Mozart as a Public Good
Saint Louis’ only orchestral music station might be changing formats, and it has two area congressmen pretty angry:
U.S. Reps. John Shimkus, R-Collinsville, and Lacy Clay, D-St. Louis, are asking the Federal Communications Commission to weigh the potential negative consequences of selling KFUO (99.1 FM) to a company that broadcasts “Christian contemporary” pop music.
The station is currently owned by the Missouri Synod of the Lutheran Church. Facing a cash crunch, it agreed to sell the station last year for $18 million to Gateway Creative Broadcasting.
The pending sale — which still needs federal approval — has raised a cacophony of dissent from the St. Louis arts community, bemoaning the loss of the only station in the region where listeners can hear full time from Brahms, Bach and others.
As someone who likes orchestral music and listens to KFUO fairly often (it is number five on my car presets) but absolutely hates Christian contemporary, I sincerely hope the station keeps its current format.
That being said, what do Shimkus and Clay expect the Missouri Synod to do if this sale is blocked? The church probably wants to sell the station because it is a drain on the church’s resources, so it might just stop broadcasting even without a sale to save the operating expenses. Barring that, the Missouri Synod will have to cut back on other goods or services that it sees as more vital than the radio station. Such a cutback could include anything from laying off marginal employees to reducing charitable work.

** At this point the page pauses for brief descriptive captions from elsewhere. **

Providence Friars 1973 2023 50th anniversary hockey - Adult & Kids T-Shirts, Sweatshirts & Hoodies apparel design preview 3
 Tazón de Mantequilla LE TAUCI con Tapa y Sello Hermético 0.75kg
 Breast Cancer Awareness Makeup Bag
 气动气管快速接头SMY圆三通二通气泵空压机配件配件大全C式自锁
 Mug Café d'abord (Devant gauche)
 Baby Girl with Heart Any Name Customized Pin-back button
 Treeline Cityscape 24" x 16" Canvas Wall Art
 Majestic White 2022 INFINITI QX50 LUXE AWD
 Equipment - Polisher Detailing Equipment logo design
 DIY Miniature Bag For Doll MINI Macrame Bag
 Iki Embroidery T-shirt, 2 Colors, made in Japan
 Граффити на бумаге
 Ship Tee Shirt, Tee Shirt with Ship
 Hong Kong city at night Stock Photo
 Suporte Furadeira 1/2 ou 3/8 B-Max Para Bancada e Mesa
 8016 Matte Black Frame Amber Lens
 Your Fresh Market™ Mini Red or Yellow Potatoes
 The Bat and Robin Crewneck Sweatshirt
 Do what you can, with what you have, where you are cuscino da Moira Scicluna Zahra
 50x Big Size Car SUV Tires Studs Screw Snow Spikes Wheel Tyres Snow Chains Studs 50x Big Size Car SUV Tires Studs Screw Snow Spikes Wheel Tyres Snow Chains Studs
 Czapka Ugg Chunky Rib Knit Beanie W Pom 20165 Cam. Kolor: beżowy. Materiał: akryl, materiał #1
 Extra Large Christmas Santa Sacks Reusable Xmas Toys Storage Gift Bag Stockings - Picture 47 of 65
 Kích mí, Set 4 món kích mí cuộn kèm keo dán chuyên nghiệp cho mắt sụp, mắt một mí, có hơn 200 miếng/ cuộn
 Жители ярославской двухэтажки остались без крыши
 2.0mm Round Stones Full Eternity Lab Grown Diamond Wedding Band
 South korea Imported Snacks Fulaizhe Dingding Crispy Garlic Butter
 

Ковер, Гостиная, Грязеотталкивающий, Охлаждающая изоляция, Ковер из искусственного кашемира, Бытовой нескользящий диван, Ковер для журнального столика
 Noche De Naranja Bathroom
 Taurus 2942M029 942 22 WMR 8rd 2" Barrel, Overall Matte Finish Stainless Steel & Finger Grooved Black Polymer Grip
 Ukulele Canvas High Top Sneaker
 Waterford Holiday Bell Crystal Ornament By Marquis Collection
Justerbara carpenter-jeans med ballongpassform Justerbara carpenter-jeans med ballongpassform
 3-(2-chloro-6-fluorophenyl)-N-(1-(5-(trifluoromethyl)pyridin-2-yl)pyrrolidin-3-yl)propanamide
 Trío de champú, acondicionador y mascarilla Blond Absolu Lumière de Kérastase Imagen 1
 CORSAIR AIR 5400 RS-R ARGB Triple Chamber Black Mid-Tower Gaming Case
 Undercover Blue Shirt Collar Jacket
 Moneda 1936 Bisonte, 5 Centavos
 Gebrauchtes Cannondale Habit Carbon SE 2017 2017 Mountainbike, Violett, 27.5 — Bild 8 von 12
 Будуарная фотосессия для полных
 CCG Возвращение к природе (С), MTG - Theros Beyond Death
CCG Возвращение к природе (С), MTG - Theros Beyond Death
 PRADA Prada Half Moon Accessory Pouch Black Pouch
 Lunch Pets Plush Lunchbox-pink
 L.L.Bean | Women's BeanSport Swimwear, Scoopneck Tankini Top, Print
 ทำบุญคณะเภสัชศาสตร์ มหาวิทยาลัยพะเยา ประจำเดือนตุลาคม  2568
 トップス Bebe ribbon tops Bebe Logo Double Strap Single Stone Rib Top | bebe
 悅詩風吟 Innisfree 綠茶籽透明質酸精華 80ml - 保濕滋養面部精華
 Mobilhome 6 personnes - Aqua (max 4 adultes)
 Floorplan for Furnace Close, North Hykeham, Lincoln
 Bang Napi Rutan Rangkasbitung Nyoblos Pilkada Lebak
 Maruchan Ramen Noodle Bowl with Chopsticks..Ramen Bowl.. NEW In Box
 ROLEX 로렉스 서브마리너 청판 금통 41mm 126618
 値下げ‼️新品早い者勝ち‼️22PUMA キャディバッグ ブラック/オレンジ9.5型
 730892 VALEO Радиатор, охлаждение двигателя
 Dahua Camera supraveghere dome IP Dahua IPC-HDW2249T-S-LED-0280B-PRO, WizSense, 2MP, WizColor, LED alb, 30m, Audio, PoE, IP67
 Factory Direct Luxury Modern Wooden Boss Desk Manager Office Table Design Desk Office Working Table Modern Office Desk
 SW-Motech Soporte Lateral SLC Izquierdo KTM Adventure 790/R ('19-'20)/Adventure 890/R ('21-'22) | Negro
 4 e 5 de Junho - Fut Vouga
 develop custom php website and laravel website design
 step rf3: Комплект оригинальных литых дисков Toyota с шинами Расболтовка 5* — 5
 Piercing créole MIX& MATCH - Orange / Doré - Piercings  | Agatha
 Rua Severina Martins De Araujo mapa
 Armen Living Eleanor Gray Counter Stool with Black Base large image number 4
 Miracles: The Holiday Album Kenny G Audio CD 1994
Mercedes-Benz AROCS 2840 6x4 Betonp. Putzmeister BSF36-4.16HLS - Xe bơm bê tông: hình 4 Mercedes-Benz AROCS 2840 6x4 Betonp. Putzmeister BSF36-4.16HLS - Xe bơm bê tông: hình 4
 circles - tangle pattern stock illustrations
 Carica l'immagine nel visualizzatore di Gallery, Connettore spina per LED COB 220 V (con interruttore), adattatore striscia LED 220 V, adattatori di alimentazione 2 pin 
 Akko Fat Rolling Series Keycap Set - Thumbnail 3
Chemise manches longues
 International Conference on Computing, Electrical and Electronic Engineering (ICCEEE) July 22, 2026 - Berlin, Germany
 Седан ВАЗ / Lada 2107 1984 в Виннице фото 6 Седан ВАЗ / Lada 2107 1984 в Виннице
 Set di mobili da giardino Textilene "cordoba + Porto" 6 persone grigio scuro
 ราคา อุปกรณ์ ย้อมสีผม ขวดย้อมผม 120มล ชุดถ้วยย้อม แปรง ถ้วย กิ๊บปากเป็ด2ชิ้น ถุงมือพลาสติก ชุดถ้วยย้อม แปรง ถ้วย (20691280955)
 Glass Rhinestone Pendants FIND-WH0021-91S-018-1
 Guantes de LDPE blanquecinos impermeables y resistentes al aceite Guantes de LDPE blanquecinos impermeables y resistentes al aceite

If people are interested in saving KFUO’s current format of Bach, Beethoven, and Brahms, they should organize a fundraiser or a pledge drive for the station. KDHX 88.1 FM in Saint Louis (number four in my presets) provides a format for numerous different genres of music that are never heard on pop radio, and all without almost any advertising because the DJs and workers are almost all volunteers and listeners give them money for the good work they do. If people truly want a station to play concert music in Saint Louis, they will support it monetarily. If not, then as much as I or anyone else may not like it, the scarce resources used to broadcast it currently should be used for some other kind of programming that people like more.